DBC Blog

Phase 0

Week 4 10/24/2015

In the fourth week of Dev Bootcamp, we reviewed basic Ruby. For this entry, I want to discuss arrays and hashes. Please note that this is only a brief discussion. I do not cover the methods associated with arrays and hashes.

What are arrays and hashes?

An array is a list of objects indexed by the integers 0, 1, 2, ..., n-1 (called indices), where n is the number of objects in the array. For example:

      
        empty_array = [] # This is an empty array
        scores = [74, 81, 83, 75, 97, 98, 61, 59, 38, 100, 99, 82] # This is an array of integers - e.g. test scores
        dist = [10.5, 11.2, 14.9, 12.7] # This is an array of floats - e.g. miles walked in one day
        metal = ['Mayhem', 'Portal', '1349', 'Marduk', 'Yob'] # This is an array of strings - e.g. your favorite metal bands
        stuff = [2.78, 'Pickle Juice', false, [2, 3, 5, 7, 11]]  # This is an array of objects that are not all of the same type
       
    

The things to notice are that arrays can be empty and the members of an array do not need to be of the same type. In fact, in the array stuff we see that arrays can be objects inside of arrays. Members of an array are accessed through their indices. For example ...

      
        scores[0] = 74 # Note that what most would consider to be the first element of scores is actually the first element
                       # is the 0th element of scores.
        dist[1] = 11.2 # What most would consider to be the second element is actually the 1st element of dist.
        empty_array[0] = nil # Since this array is empty there is nothing to return
        metal[5] = nil # Remember that even though metal has five elements, these are labeled by the indices 0, 1, 2, 3, 4.
                       # There is no 5th element of metal.
      
    

Confusion about indices leads to a lot of bugs in programming.

A hash is a list of pairs of objects. The first object of the pair is the key. The second object is the value. This pair is denoted {key => value}. For example:

      
        metal_hash = {} # This a new, empty hash which can be populated as follows:

        metal_hash['Mayhem'] = 'Norway'
        metal_hash['Portal'] = 'Australia'
        metal_hash['1349'] = 'Norway'
        metal_hash['Marduk'] = 'Sweden'
        metal_hash['Yob'] = 'United States'

       # The resulting hash is ...

       {"Mayhemm"=>"Norway", "Portal"=>"Australia", "1349"=>"Norway", "Marduk"=>"Sweden", "Yob"=>"United States"}

       # where the key is the band name and the value is the home country of the band.
      
    

One very important thing to notice is that the keys must be unique, however the values do not need to be unique. In the above example, each key appears exactly once, but the value Norway appears more than once. As with arrays, there are no resticitons on the types of objects that can be either keys or values.

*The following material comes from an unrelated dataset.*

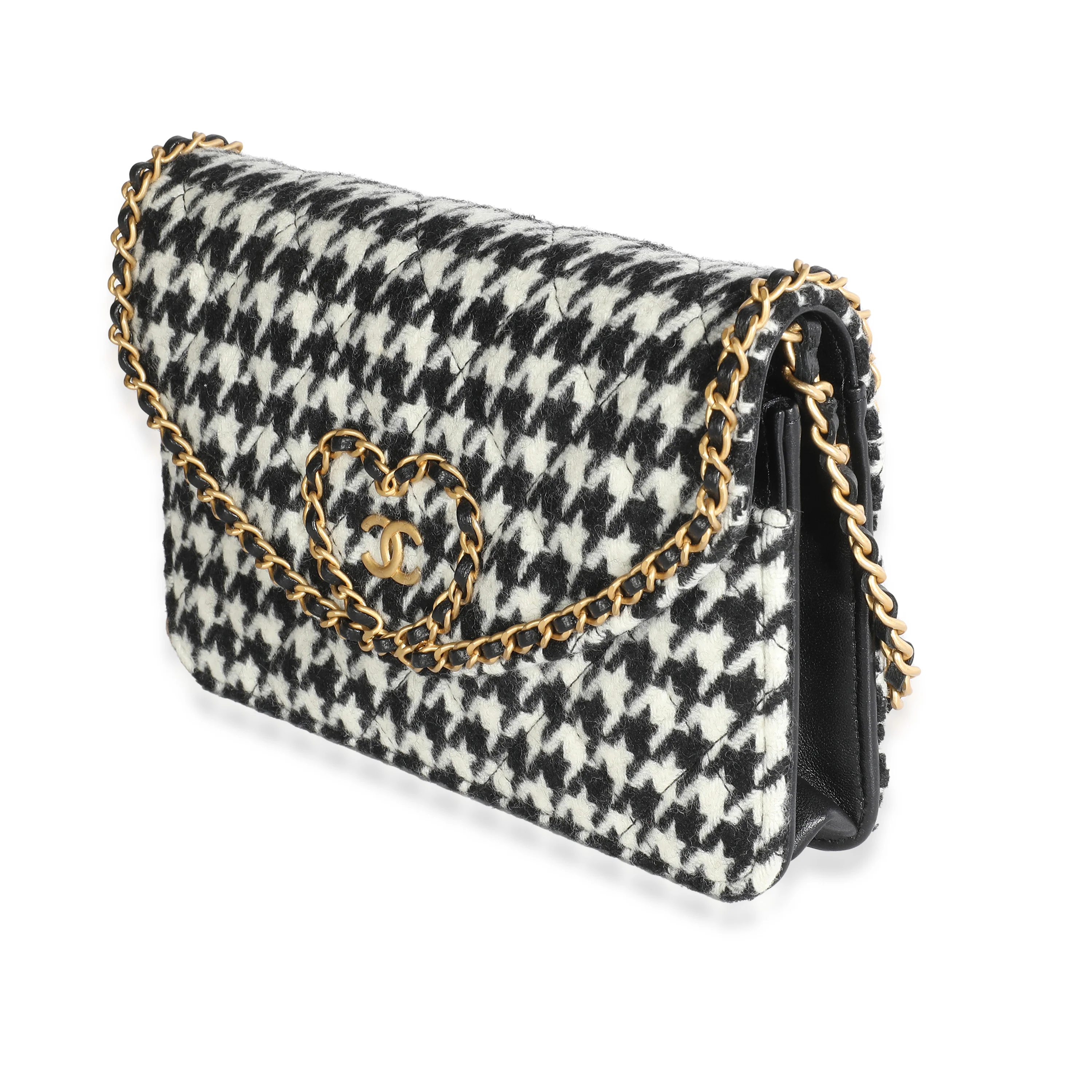 Black White Houndstooth Tweed Heart CC Wallet On Chain - Image 2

When should I use an array and when should I use a hash?

Choosing an array or a hash depends on what you want to do with your data. If you want to be able to search and retrieve data, first you need to find the location of your data, then retrieve it. The amount of time it takes to search an array depends on the size of the array, whereas searching in a hash is indepenedent of the size of the hash. In more formal language, the complexity of searching in an array (of length n) is O(n) - aka linear time. The complexity of searching in a hash is O(1) - aka constant time. In other owrds, the bigger the array, the longer it takes to search, On the other hand, it takes the same amount of time to search in a hash, no matter how big the hash may be. So, for a lot of data-driven applications, hashes are probably prefereable.

However, some tasks are easier with arrays, than hases. For example, if you need to perform a task that requires iterating through a list of data, then it is easy to iterate through an array. Let us compare the array metal with the hash metal_hash.

      
        metal.each do |band|
           p band
        end

       # This gives us the ouput ...

        "Mayhem"
        "Portal"
        "1349"
        "Marduk"
        "Yob"

       # Iterating over a hash returns the output
        metal_hash.each_pair { |key, value| puts "#{key} maps to #{value}"}

        Mayhem maps to Norway
        Portal maps to Australia
        1349 maps to Norway
        Marduk maps to Sweden
        Yob maps to United States

       # In this instance, we got lucky. Iterating over a hash returns the pairs in random order.

      
    

A rough guideline then is to use arrays for iteration and hashes for making your data searchable.